Boundaries: Context Window, Session, Profile, Policy
Context window is the current work set for a single inference round – files, tool outputs, plans, errors. It is temporary and should not hold the entire history.
Session manages continuity across turns: dialogue history, tool calls, intermediate plans, and recent test results. Some of these may be distilled into long‑term Memory, but they are not identical.
Profile is a low‑dimensional snapshot (e.g., preferred language, role). It is useful but insufficient for true understanding without scope and context.
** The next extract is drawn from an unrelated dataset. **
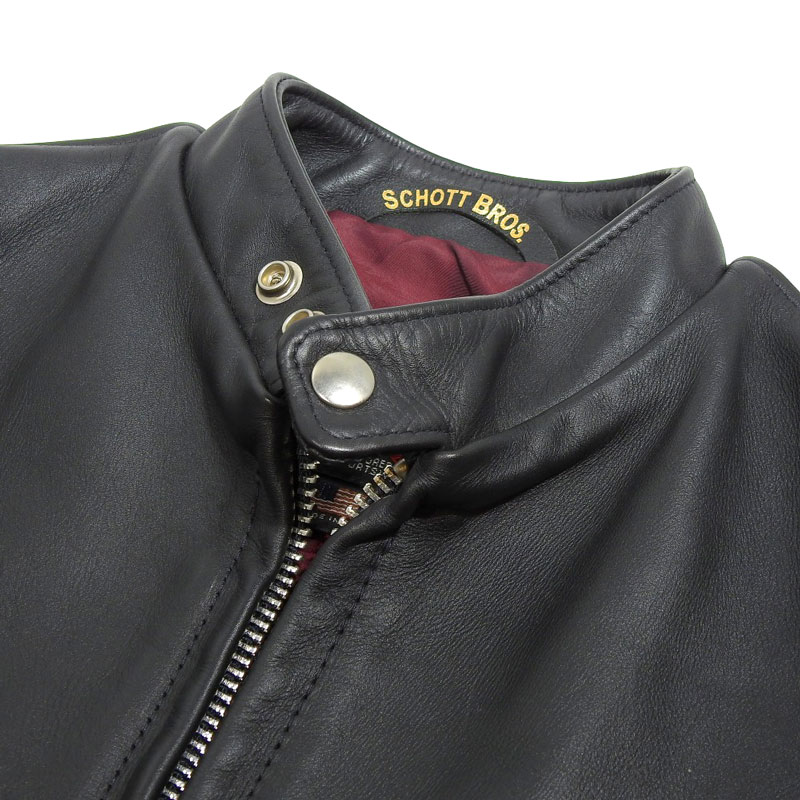 楽天市場】Schott ショット レザー ジャケット メンズ ブラック size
Policy encodes permissions, compliance, and budget limits. Memory can record that a rule existed, but it must never rewrite the rule itself.
In short, Memory is "structured history that persists across sessions, can be updated and audited, and influences future decisions".
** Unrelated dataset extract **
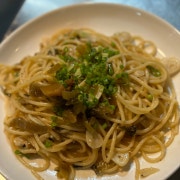 갓절임 파스타 메뉴 사진(네이버)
Memory Isn’t Just About User Preferences
Beyond preferences, three additional categories matter for engineering tasks:
Task memory : confirmed requirements, rejected proposals, current true version of files, pending commitments, and test outcomes.
Environment memory : repository layout, team rules, API constraints, deployment methods, CI characteristics, incident background.
Self‑memory : observations about failed commands, unstable tools, mistaken inferences, and useful sub‑agent patterns.
Combining these with user preferences yields the goal: capture "what the user wants, what the task has achieved, how the environment has changed, and where the agent tends to err".
Write: Giving Past a Future Pass
Writing to Memory is a budgeting problem. The budget includes storage space, future retrieval cost, attention cost, and conflict‑management cost. Only information that can meaningfully affect future decisions should be written.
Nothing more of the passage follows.